David Hockney is an artist, originally from East Yorkshire, now living and working in California, USA. He was initially, a painter, and is still largely today. His work is often linked to Cubism and Pop Art.
Hockney often used his camera to make ‘jottings’ or notes of things he saw, that he could refer back to for a painting. In the 1960’s Hockney began looking at the wide-angle photographs being produced at the time. He enjoyed the large angle of view, the powerful perspective over so much and an image more similar to what the human eye would see. He did not like however the distortion that the wide lenses created. After photographing some Polaroid ‘jottings’ around his home, he unintentionally found they formed an interesting and different composition all by themselves.
After this discovering this, his interest in photography blossomed, even neglecting painting for a period to concentrate solely on photography. He used his artistic “visual curiosity” in his photographs, taking ideas from painting and transferring them to the camera. He defined the camera as “a drawing instrument”, and while many can pick one up it is the artist who uses it to create great images with intentional choices of space, focus, texture, line and colour as in conventional art.

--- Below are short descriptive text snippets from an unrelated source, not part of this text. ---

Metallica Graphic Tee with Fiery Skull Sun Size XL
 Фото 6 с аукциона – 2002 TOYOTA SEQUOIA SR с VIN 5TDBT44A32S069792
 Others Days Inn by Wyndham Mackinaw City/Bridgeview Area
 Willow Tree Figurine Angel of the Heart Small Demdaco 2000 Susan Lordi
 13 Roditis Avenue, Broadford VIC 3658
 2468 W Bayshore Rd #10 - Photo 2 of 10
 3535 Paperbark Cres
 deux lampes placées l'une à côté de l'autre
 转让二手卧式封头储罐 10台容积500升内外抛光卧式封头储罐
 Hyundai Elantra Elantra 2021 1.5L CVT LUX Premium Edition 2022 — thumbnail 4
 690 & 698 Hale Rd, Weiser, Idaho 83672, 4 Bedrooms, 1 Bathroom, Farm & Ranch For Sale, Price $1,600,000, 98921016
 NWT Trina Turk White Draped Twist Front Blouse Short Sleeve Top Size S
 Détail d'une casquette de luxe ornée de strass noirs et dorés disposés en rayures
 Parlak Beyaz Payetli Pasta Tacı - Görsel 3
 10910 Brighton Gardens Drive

Being firstly an artist, Hockney did not like the instant, frozen process of photography and he found a dissatisfaction from seeing the world via a rectangle “with edges”. The method he developed overcame both of these issues, the many photos showing the passing of time and creating a narrative through the final piece. By having lots of shots and combining them, his pictures go beyond the edges of the rectangle, giving multiple viewpoints, expressions, changes and possibilities. These varied perspectives often give his images a cubist, multi-angled view, and in that style he liked the ideas of creating these new ideas and making an image closer to the actual experience of looking.